Savoini nell’Alessandria 1951-’52
… e 1952-’53

Centrocampista (ala tornante) e poi terzino, mosse i primi passi nel mondo del calcio professionistico nell’Alessandria, con cui esordì in Serie B nel campionato 1949-’50, retrocedendo in Serie C, dove giocò poi altri tre campionati ottenendo la promozione nell’ultimo.

Arrivò al Lanerossi Vicenza col centravanti Testa nel 1953, grazie alla fusione della società vicentina con il colosso laniero di Schio che portò una buona liquidità nelle casse della squadra. Per il resto della sua vita legò poi il suo nome ai colori biancorossi.

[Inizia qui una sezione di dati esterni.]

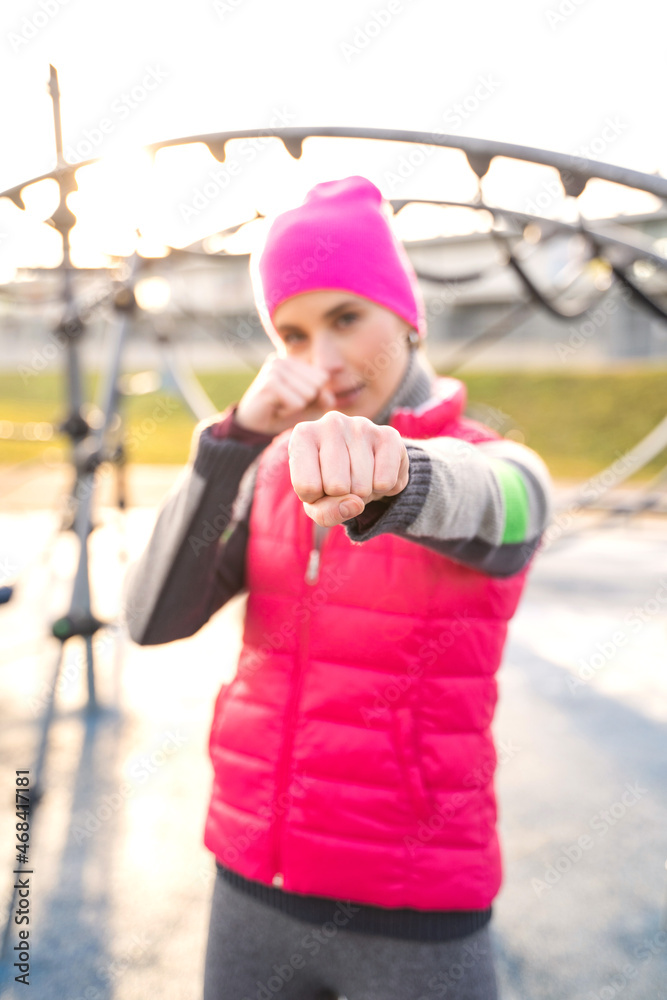 Obraz premium Young caucasian fit woman in pink fitness clothes boxing with hands in fists and makes punches on modern athletic field outdoors on sunrise on cold autumn, winter or spring morning. Sports, training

Titolare nel primo campionato nel ruolo di ala sinistra tornante, giocò un ruolo da comprimario nel secondo, quello della promozione in Serie A, tornando ad imporsi come titolare fisso solo nel 1957-’58, quando gli viene anche affidata la fascia di capitano. Proprio in quell’anno fu protagonista di un episodio curioso che ne segnò la carriera. Il 9 febbraio 1958, in occasione della trasferta a Bergamo contro l’Atalanta manca il terzino titolare Capucci e Savoini si propone scherzosamente di sostituirlo. Sceso in campo, è fra i migliori del pesante 4-2 inflitto ai nerazzurri, con le sue incursioni sulla fascia, tanto da essere riproposto come terzino d’attacco fino al termine della stagione.

Con Luís Vinício

L’anno successivo segna ben 10 reti, tornato alla sua posizione originaria, ma continuò ad alternare i due ruoli. Guidò il Vicenza al ruolo di provinciale di lusso, conquistando non solo ripetute salvezze ma anche ottimi piazzamenti come due sesti posti (1964 e 1966).

Insieme a Paolo Rossi

Ma i tifosi biancorossi lo ricordano anche per lo storico spareggio di Ferrara, quando guidò dalla panchina il Vicenza nel vittorioso spareggio contro il Prato, evitando così al Lane la retrocessione in serie C2.